Americana Highways had a chance to chat with Grace Morrison briefly about the song. The song is pure country rock ‘n roll goodness, delving into the dark side with the irony of Morrison’s lilting vocals blending with musical swagger. The premiere appears just beneath the interview.
Americana Highways: What is this song about?
Grace Morrison: My hope is that anyone who has ever loved someone with an addiction issue will know exactly what this song is about. Loving someone with an addiction can be such a terribly isolating thing. One minute you’re angry because you’ve found yet another bottle of vodka hidden in the oven and you think, “THIS is it, I am done.” The next moment, there is that vulnerable person you love and you so desperately want to help them that you stay, to your own detriment, and try to put bandaids on their life. Alcoholism is a vortex that will suck in anybody close enough to touch it. There was a moment in my own experience with this that I realized in a way the “helping” was my addiction. I stayed in the same cycle of anger/frustration for so long it began to define me. There’s a line in the song “I tuck you in like a baby, take your shoes off, let you say this is the last time. This is the last time” — that sums it up for me. Sometimes being done is the best help you can give someone. Because at the end of the day, they have to pick themselves up before they can walk anywhere with you.
AH: Who/what were some influences when it came to writing the song?
GM: This song started as a noodle on the guitar. I had been living in singer-songwriter Taylor guitar land for god knows how long and figured I’d try some new colors to write with. So I picked up my old electric guitar.
Side note: it was my first guitar. I remember wanting it because Billie Joe Armstrong had one in the same color and I was fully invested in being a punk. Pretty sure my dad got a discount on it because nobody else wanted a seafoam green guitar. Playing that thing brought me back to the wonder I used to have when I held it.

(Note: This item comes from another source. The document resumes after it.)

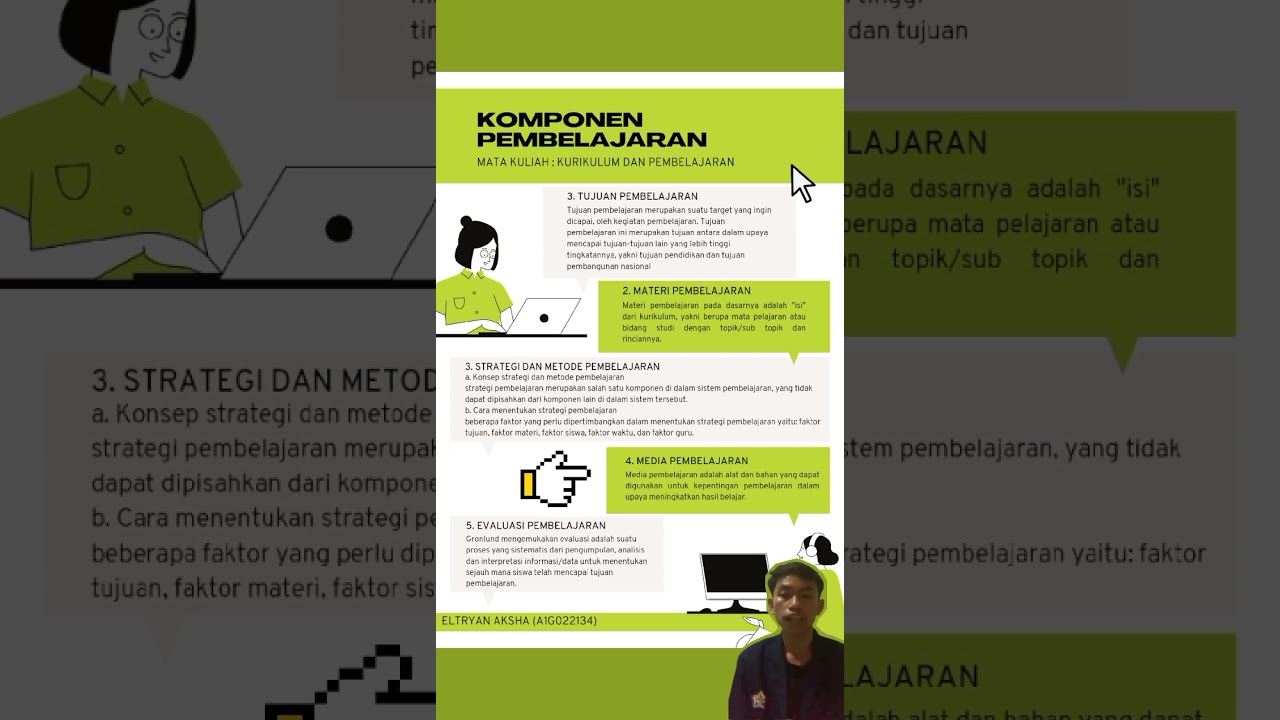 MATERI KURIKULUM PEMBELAJARAN TENTANG KOMPONEN PEMBELAJARAN, OLEH ELTRYAN AKSHA (A1G022134)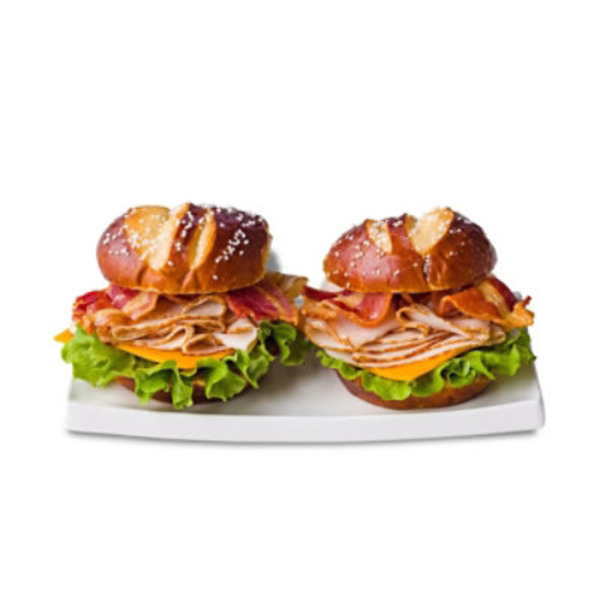 SS Ready Meal Turkey Bacon & Cheddar Pretzel Duo Sandwich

So after playing through “She” a few times (underrated Green Day song in my opinion), I found that first little riff which turned into “Put the Bottle Down.”
I didn’t start with the intention of a drinking song, but something about the guitar riff led me that way. I was imagining myself playing it at a honky tonk, full band, badass rockstar facial expressions. Really sticking it to the person who caused the hurt I was singing about, ya know?
I’m sometimes frustrated with my voice because in my mind the vocals on this tune want to be a little gritty. Maybe not Janis Joplin gritty….more like Serenda Ryder gritty. Even if you can’t hear it in my voice…my soul’s pretty gritty.
AH: Any cool/funny/interesting stories from writing/recording this one?
GM: We had an absolute ball recording this song. Namely because I finally got to record my own electric guitar parts. Simple as the line is, we couldn’t get anybody else to play it quite right so that caused immense satisfaction for me. This is also the first song I had specific production notes for before heading to the studio. The little background affected “who put the bottle down” shoutout-all me. Haha! Hire me as a producer immediately! Jon Evans (my producer) also threw in what he calls “party moose,” he gets this really fabulous childlike rockstar look when he gets to riff on the guitar. That’s party moose!
But beyond all of that, this song was extremely cathartic to record. I’ve had these emotions percolating in me for a number of years, damn it feels good to get them out.